Spotting the difference between “can’t” and “won’t”
When your child struggles with a comprehension question, it helps to gently work out what’s actually going on, because the fix is different each time.
- If they can’t find the answer, they may need to be shown how to go back into the text and hunt for evidence rather than answering from memory.
- If they won’t even attempt it, that’s usually overwhelm or fear of getting it wrong, and that needs reassurance and smaller steps, not more drilling.
- If they get it wrong in a rush, that’s a timing and calm issue, not a comprehension one.
You know your child best, so you’re brilliantly placed to spot which one it is. And once you know the why, the what to do becomes so much clearer.

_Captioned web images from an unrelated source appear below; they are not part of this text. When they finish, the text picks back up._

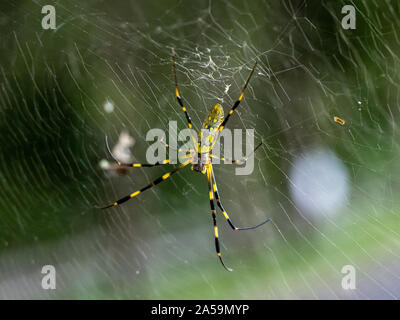 Eine Nephila clavata, eine Art von Orb weaver Spider in Japan, wo es heißt joro joro-gumo oder Spinne, wartet in seiner Web nach Beute. Stockfoto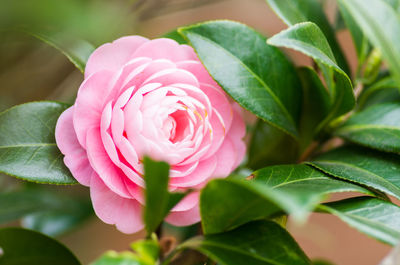 Close-up of pink rose flower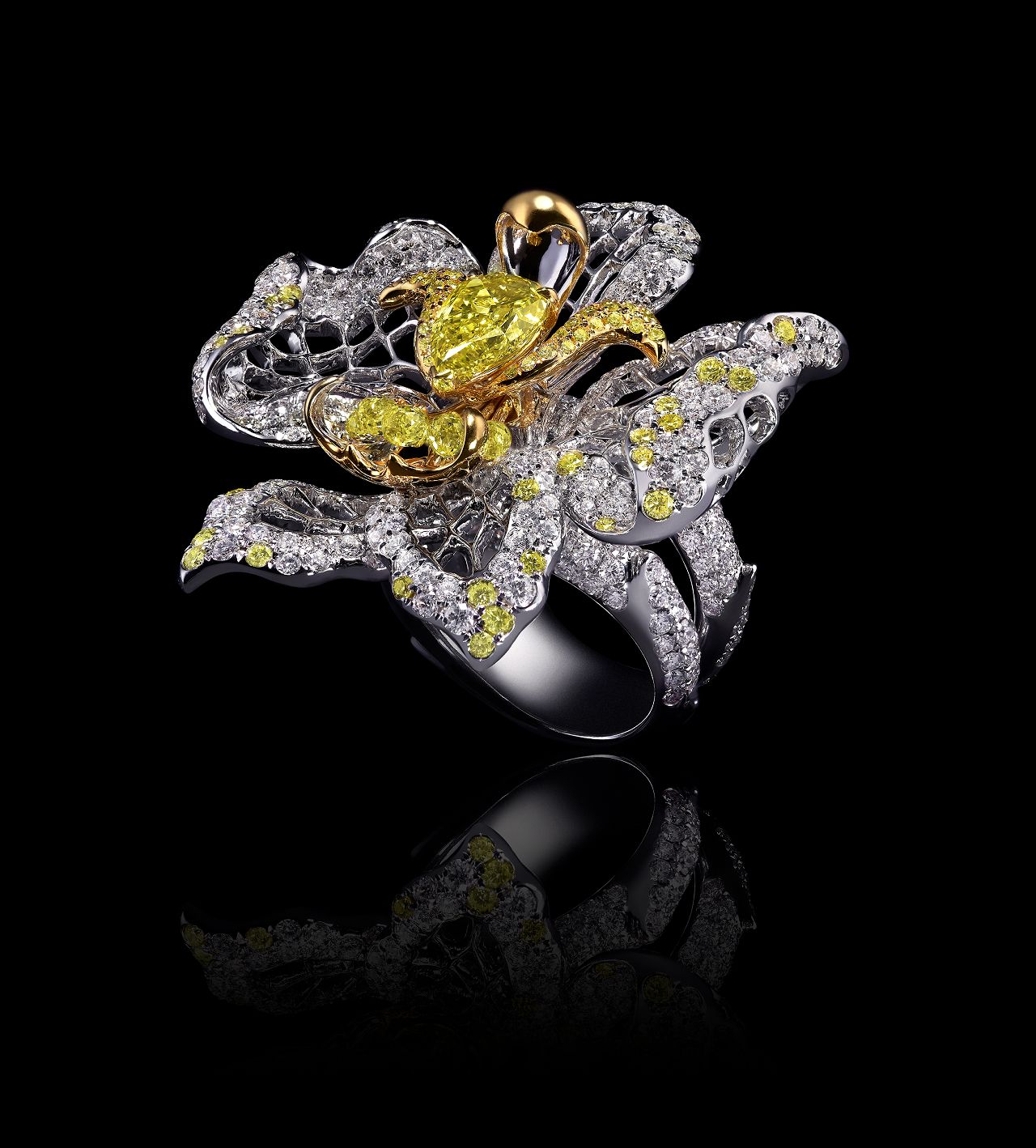 Iris Alexander Gallery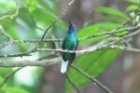 White-tailed Sabrewing by Mick Dryden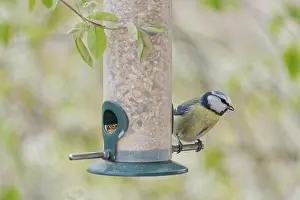 Blue tit (Cyanistes caeruleus) eating seeds from a feeder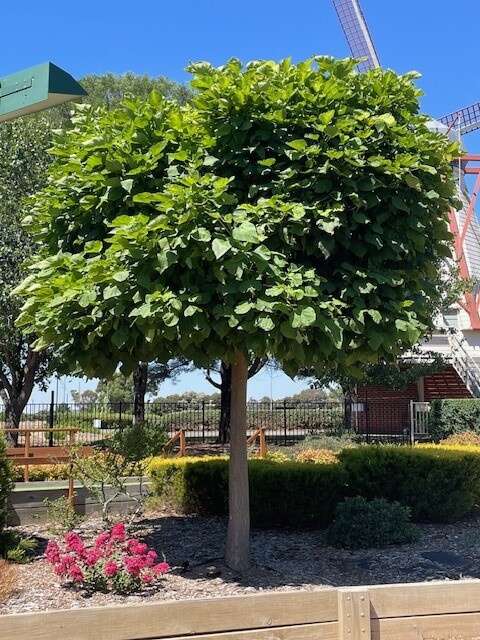 Growing for Success | Finding the right shade tree — it’s easier than ...
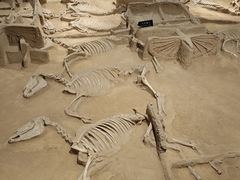 -洛阳周王城天子驾六博物馆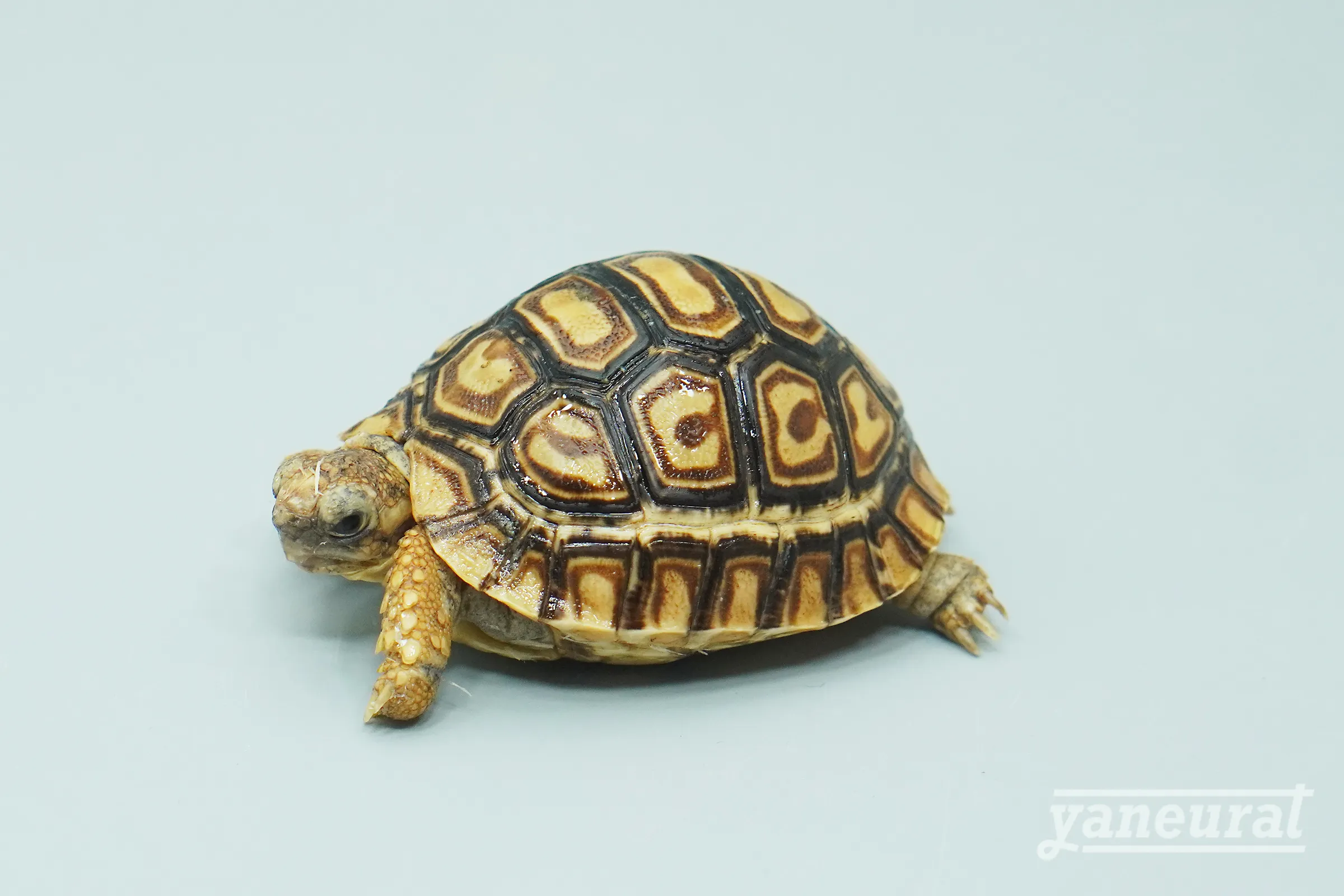 【t00410】ヒョウモンガメ 01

Keep it calm, keep it short, keep it kind
Here’s what I’d love you to take from all of this. SEAG comprehension practice that’s short, calm and regular will always beat long, stressful sessions that leave everyone frazzled. Ten focused minutes where your child feels capable is worth more than an hour where they feel like they’re drowning.
Here’s the thing, the pressure is the enemy of comprehension, not the helper. A calm child reads better, thinks better and answers better. A stressed one freezes, the same way I used to.
So protect the calm. Watch for the signs of too much, the sighing, the tears, the “I can’t do this,” and when you see them, do less, not more. That’s not falling behind. That’s good parenting.

Want a gentle, ready-made way to start?
If everything I’ve said about starting small sounds lovely in theory but you’re not sure where to actually begin, I’ve got something that might help. My Level 1 SEAG Comprehension book is built for exactly this, short, manageable passages that build your child’s confidence one calm step at a time, so you’re not left cobbling bits together yourself or facing a scary full-length paper too soon.
Unlike a lot of SEAG practice books and booklets that throw long passages at children from day one, this one starts gently and grows with them. It does the “start smaller than you think” bit for you, which means less stress for you and a gentler start for your wee one. You can find it here.
More information on SEAG comprehension practice
If this has helped and you’d like to keep going, here are a few of my own posts plus some trusted places to read more:
8 Ways to Make Reading Comprehension More Fun
10 tips to improve children’s reading comprehension at home
Fun & Effective Reading Comprehension Activities for All Ages
5 Subtle Signs of SEAG Revision Burnout in Your Child and How to Help
The importance of reading for your child: 7 benefits of reading outside the classroom
You’ve got this
Whatever stage you’re at, please don’t worry that you’re getting it wrong. Comprehension is a skill that grows slowly, with reading, with reassurance and with time. Your child will get there, and they’ll get there far quicker if the journey is calm. Short, calm and kind.
That’s the whole secret to SEAG comprehension practice that actually works.